Date : 19991213
Dossier : IMM-6610-98
OTTAWA (ONTARIO), LE 13 DÉCEMBRE 1999
EN PRÉSENCE DE MONSIEUR LE JUGE DUBÉ
ENTRE :
NABEEL ABBAS
demandeur
- et -
LE MINISTRE DE LA CITOYENNETÉ ET DE L'IMMIGRATION
défendeur
ORDONNANCE
La Cour déboute le demandeur de son recours.
___________________________________
Juge
Traduction certifiée conforme,
Laurier Parenteau, LL.L.
Date : 19991213
Dossier : IMM-6610-98
ENTRE :
NABEEL ABBAS
demandeur
- et -
LE MINISTRE DE LA CITOYENNETÉ ET DE L'IMMIGRATION
défendeur
MOTIFS DE L'ORDONNANCE
Le juge DUBÉ
[1] Il y a en l'espèce recours en contrôle judiciaire exercé en application de l'article 82.1 de la Loi sur l'immigration (la Loi), contre une décision en date du 1er septembre 1998 de l'agente des visas Mona Fahmy.
[2] Le demandeur, citoyen du Yémen, avait fait sa demande de résidence permanente à titre d'immigrant indépendant avec pour profession celle d'ingénieur électricien, au Centre du programme régional d'immigration à Buffalo, dans l'État de New York.

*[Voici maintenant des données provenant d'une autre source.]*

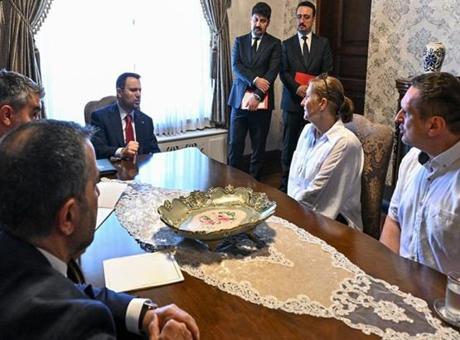 Bakan Gürlek, Trabzon'da yorgun mermi ile hayatını kaybeden Emir’in ailesiyle görüştü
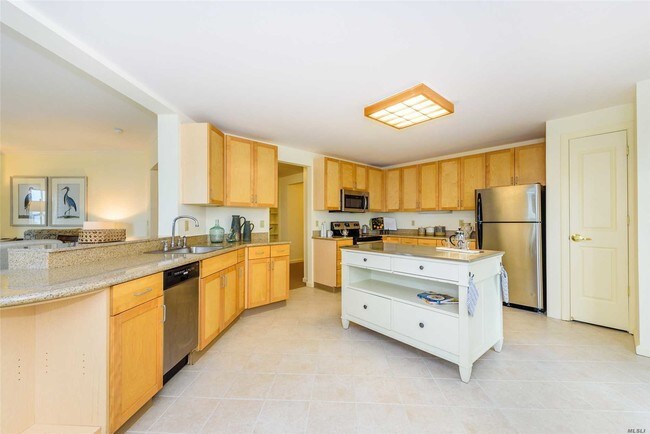 Foto del edificio - 100 Landing Rd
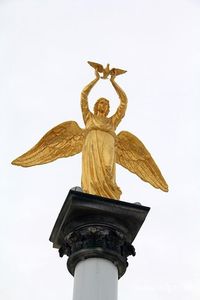 Добрый Ангел Мира в парке «Сад Победы» города Челябинска. Автор: Mikhail Kanov (isilgan)
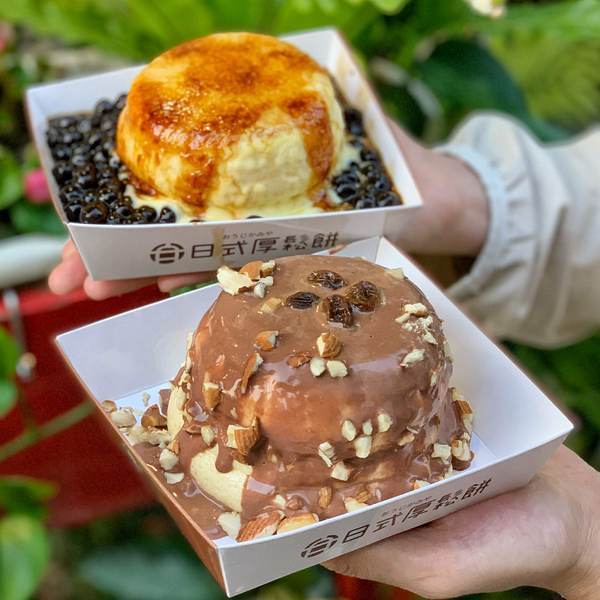 王子神谷 おうじかみや-逢甲店：【台中西屯區】台南超夯王子神谷日式厚鬆餅在逢甲夜市也吃得到囉 平價又美味的散步甜點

Sa demande a été subséquemment transmise à l'ambassade du Canada au Caire, en Égypte.
[3] Il est titulaire d'une maîtrise en génie électrique de l'Institut de génie mécanique de Varna en Bulgarie. Ses qualifications ont été reconnues par le Conseil canadien des ingénieurs. En 1985, il travaillait pour la compagnie aérienne Yemenia Airlines comme ingénieur au service de matériel radio, où il est parvenu au grade de " contremaître ", c'est-à-dire à un poste de surveillance. Son travail consistait à essayer et à réparer les instruments de communications et de navigation des avions. Au cours de son entrevue avec Mme Fahmy, il a fait savoir qu'il avait sous ses ordres des mécaniciens. Cependant, son affidavit déposé à l'appui de sa demande indique qu'il dirigeait trois ingénieurs et quatre techniciens.

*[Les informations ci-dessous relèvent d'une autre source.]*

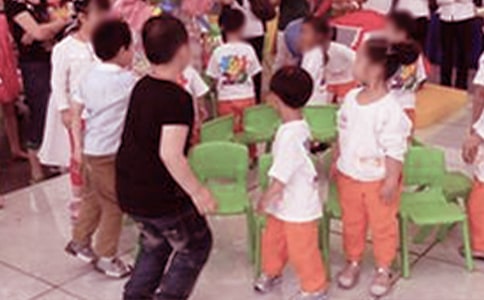 ��һ�߻���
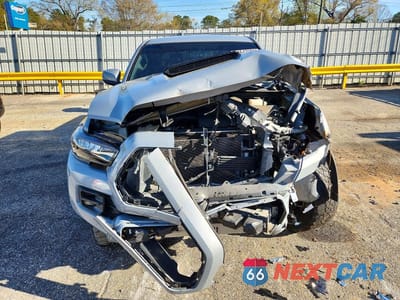 Piąte zdjęcie samochodu w środku: 2017 TOYOTA TACOMA TRD PRO VIN:5TFCZ5AN5HX073149 - miniatura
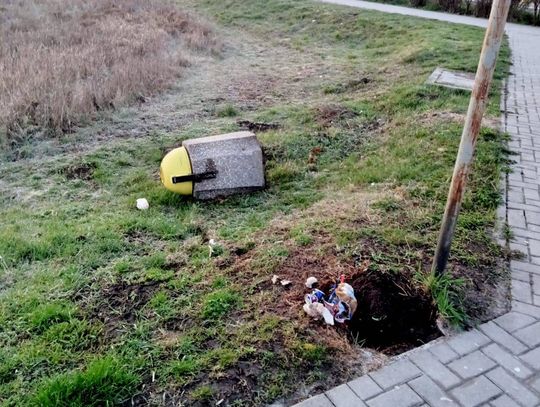 Demolka na deptaku i ul. Basaja w Hrubieszowie - galeria zdjęć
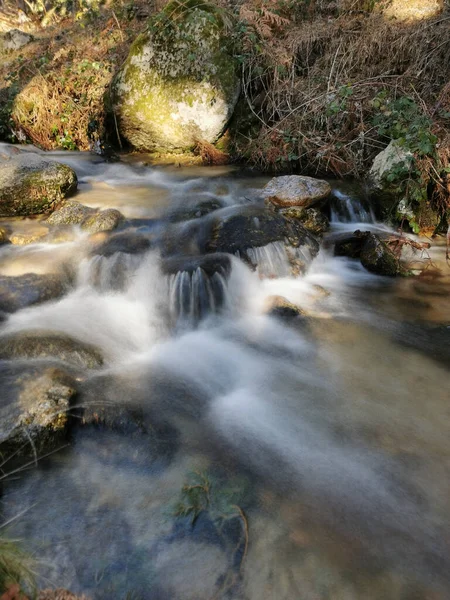 Bellissimo Torrente Montagna Autunno — Foto Stock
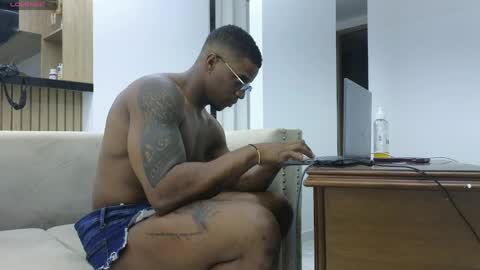 bairon_chocolate online show from 04/08/26, 03:17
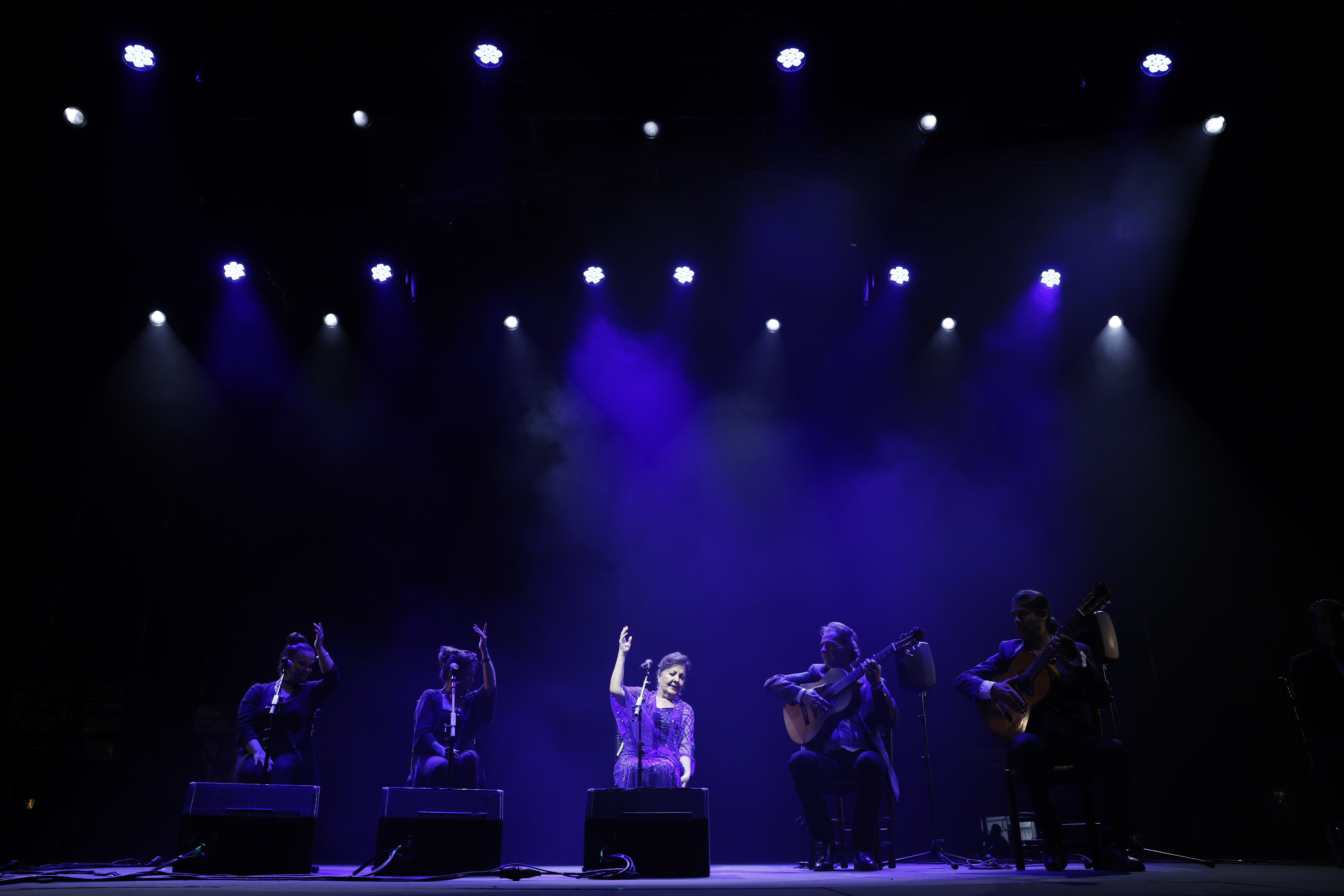 La cantaora Carmen Linares durante su actuación en la gala 'El flamenco es universal' celebrado este lunes en Sevilla.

[4] Lors de cette entrevue, l'agente des visas, se guidant sur la Classification nationale des professions (CNP), a conclu qu'il ne remplissait pas la plupart des conditions d'accès à la profession CNP 2133, et qu'en fait, il exerçait surtout des fonctions de technicien. Selon les notes de l'agente des visas, le demandeur convenait que la description et les principales fonctions du technicien en génie électrique correspondaient davantage à ce qu'il faisait. En conséquence, elle a évalué sa demande au regard des qualifications de technicien en génie électrique, et il était d'accord.
[5] Le demandeur travaillait pour Yemenia Airlines pendant 10 ans, puis est parti pour les États-Unis où il a séjourné 20 mois, au cours desquels il n'a pas travaillé. Il n'a jamais visité le Canada et n'a jamais cherché à connaître les possibilités d'emploi dans ce pays. Sa connaissance du Canada est très limitée. L'agente des visas lui a donné 67 points d'appréciation, alors qu'il en faut 70 pour être admis dans le pays.
Âge 10
Demande dans la profession 01
Préparation professionnelle spécifique 15
Expérience 06
Emploi réservé/Profession désignée 00
Facteur démographique 08
Études 16 |
Connaissance de l'anglais et du français 06
Prime 00
Personnalité 05
Total des points obtenus 67
[6] L'avocat du demandeur soutient que l'agente des visas a commis trois erreurs comme suit.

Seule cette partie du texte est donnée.